TASK — Pictures stay out; everything else in the records gets transcribed exactly.

▶

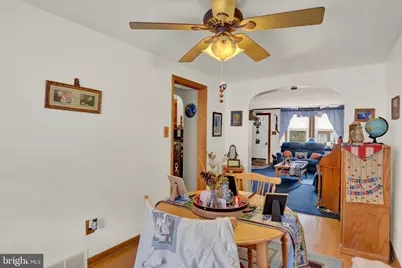 2448 Duke Street, Harrisburg, PA 17104 - Photo 10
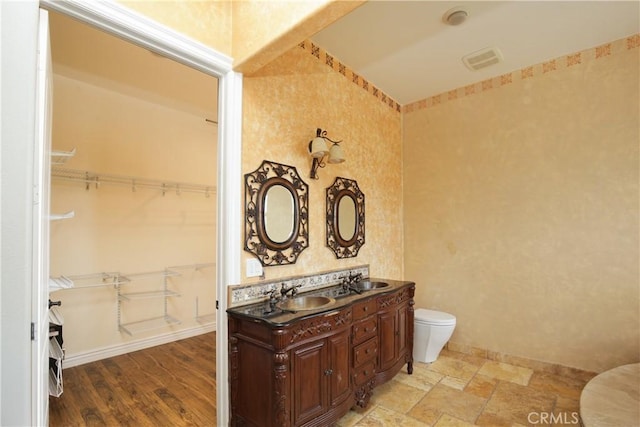 4622 W 131st St, Hawthorne, CA 90250 - photo 41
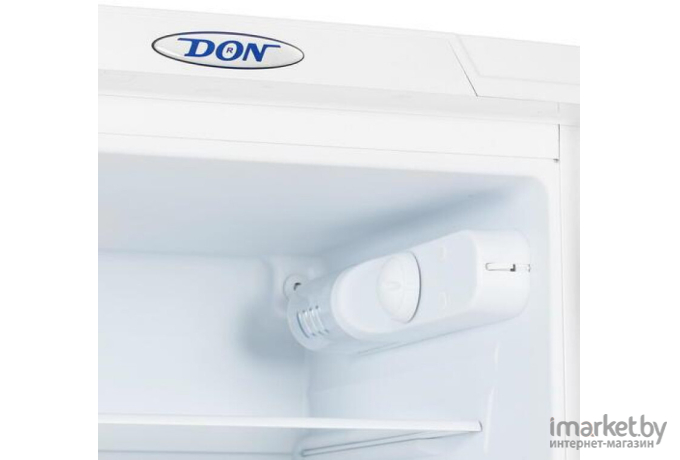 Холодильник Don R-297 BUK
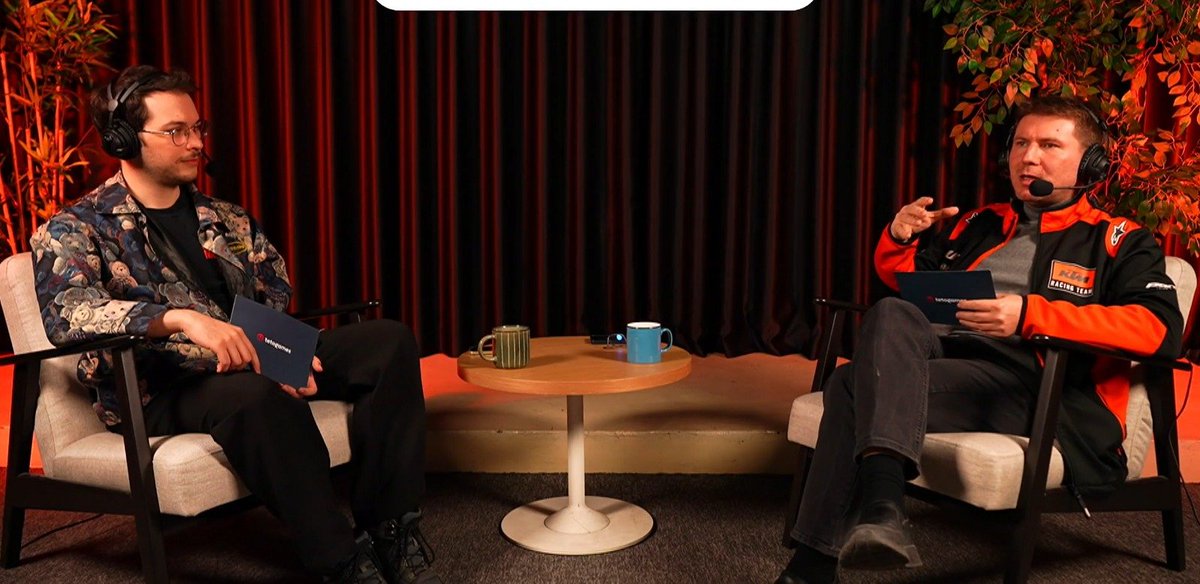 EthemAbi tweet media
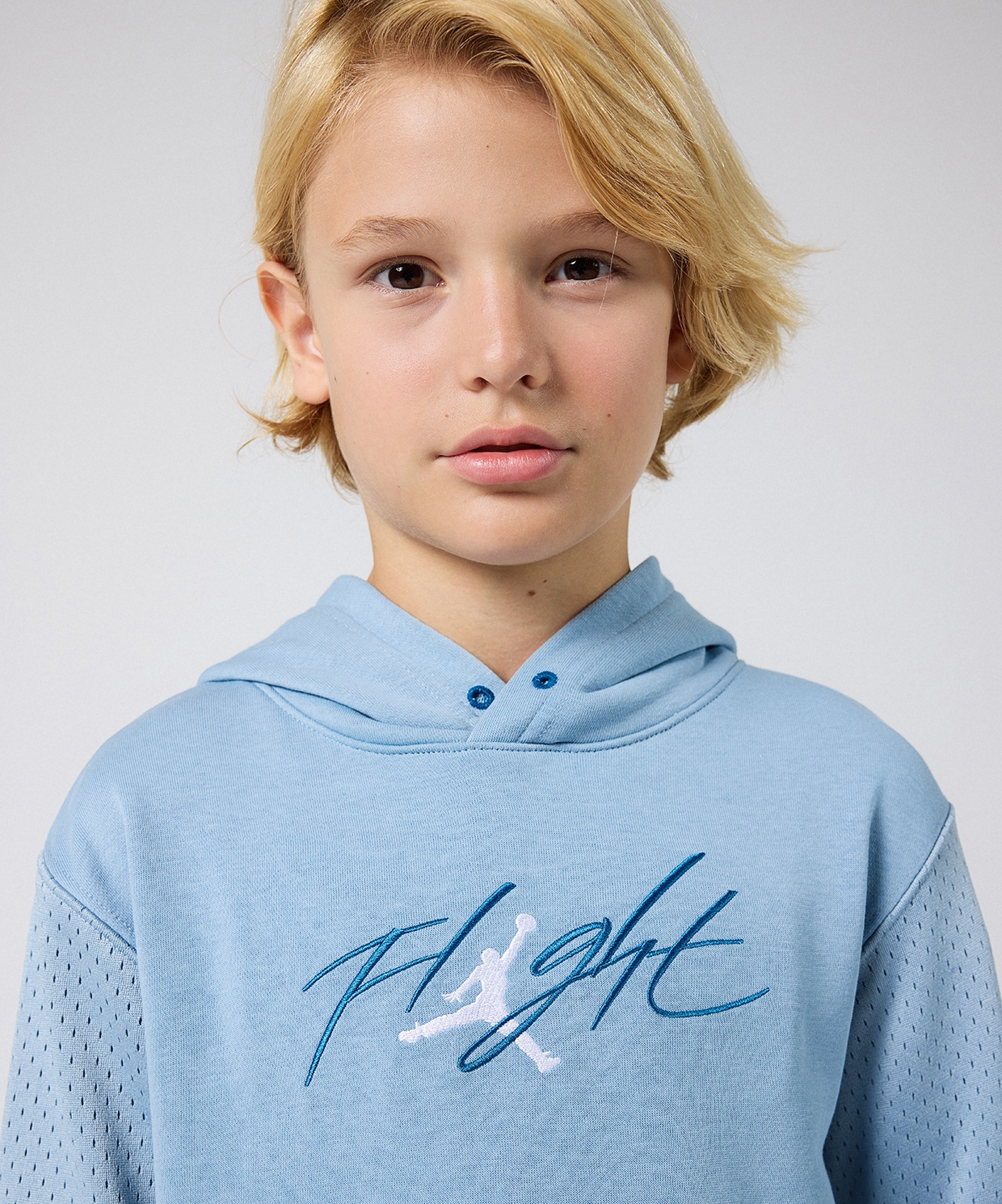 Jordan Jdb Off Court Flight Po Hoodie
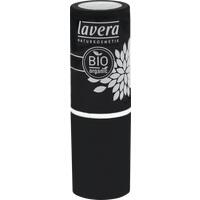 LAVERA Beaut.Lips CI Lipstick 48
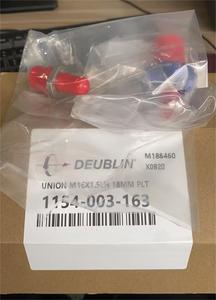 CNC gố<span class=keywords><strong>c</strong></span> PLC deubln ROTARY Doanh 1154-003-163 - Product Image 4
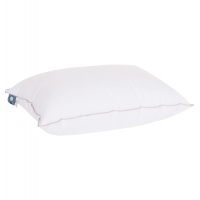 ΜΑΞΙΛΑΡΙ ΥΠΝΟΥ MORPHEO HM12171 3D FIBER ΓΕΜΙΣΗ 50x70εκ. ΜΑΞΙΛΑΡΙ ΥΠΝΟΥ MORPHEO HM12171 3D FIBER ΓΕΜΙΣΗ 50x70εκ.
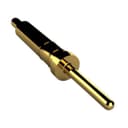 Preci-Dip 90146-AS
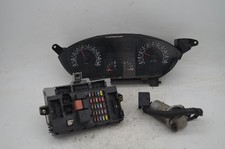 106550 kit chiave usato  Roma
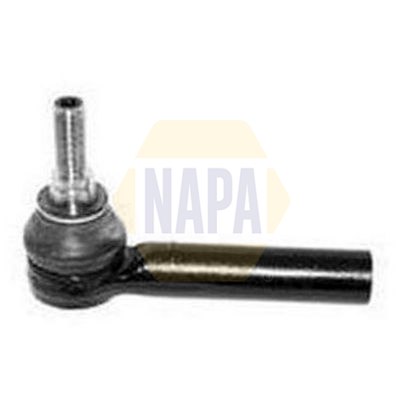 NAPA NST6390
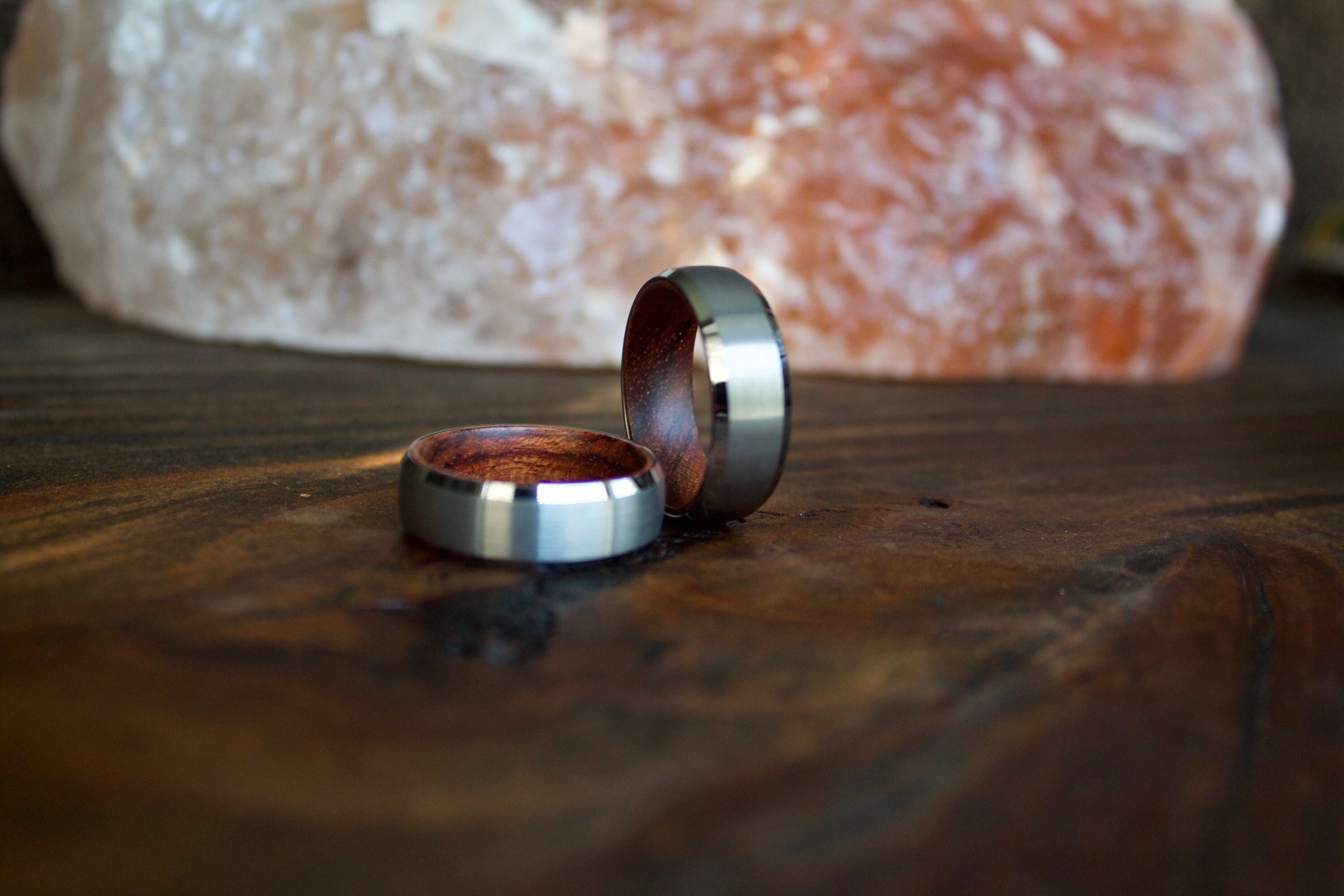 Wedding Band, Tungsten Wedding Ring, Wood Ring, wooden ring, wooden rings,  Wood wedding band, Wood rings for men, Wood, Wooden Wedding Band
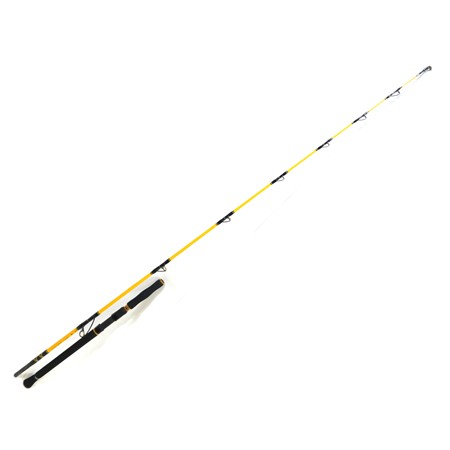 Canne Silure Black Cat Fun Stick Collector 2 - 16408210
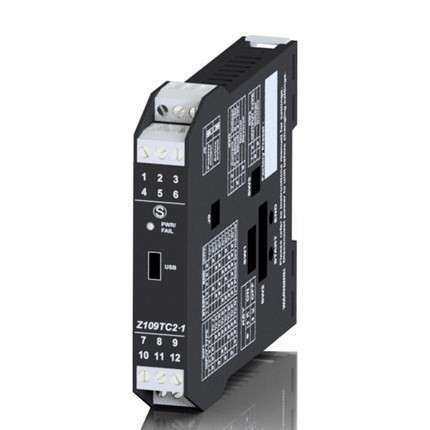 [Z109TC2-1] Z109TC2-1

◀

RESULT OF THE EXERCISE —
 2448 Duke Street, Harrisburg, PA 17104 - Photo 10
 4622 W 131st St, Hawthorne, CA 90250 - photo 41
 Холодильник Don R-297 BUK
 EthemAbi tweet media
 Jordan Jdb Off Court Flight Po Hoodie
 LAVERA Beaut.Lips CI Lipstick 48
 CNC gố<span class=keywords><strong>c</strong></span> PLC deubln ROTARY Doanh 1154-003-163 - Product Image 4
 ΜΑΞΙΛΑΡΙ ΥΠΝΟΥ MORPHEO HM12171 3D FIBER ΓΕΜΙΣΗ 50x70εκ. ΜΑΞΙΛΑΡΙ ΥΠΝΟΥ MORPHEO HM12171 3D FIBER ΓΕΜΙΣΗ 50x70εκ.
 Preci-Dip 90146-AS
 106550 kit chiave usato  Roma
 NAPA NST6390
 Wedding Band, Tungsten Wedding Ring, Wood Ring, wooden ring, wooden rings,  Wood wedding band, Wood rings for men, Wood, Wooden Wedding Band
 Canne Silure Black Cat Fun Stick Collector 2 - 16408210
 [Z109TC2-1] Z109TC2-1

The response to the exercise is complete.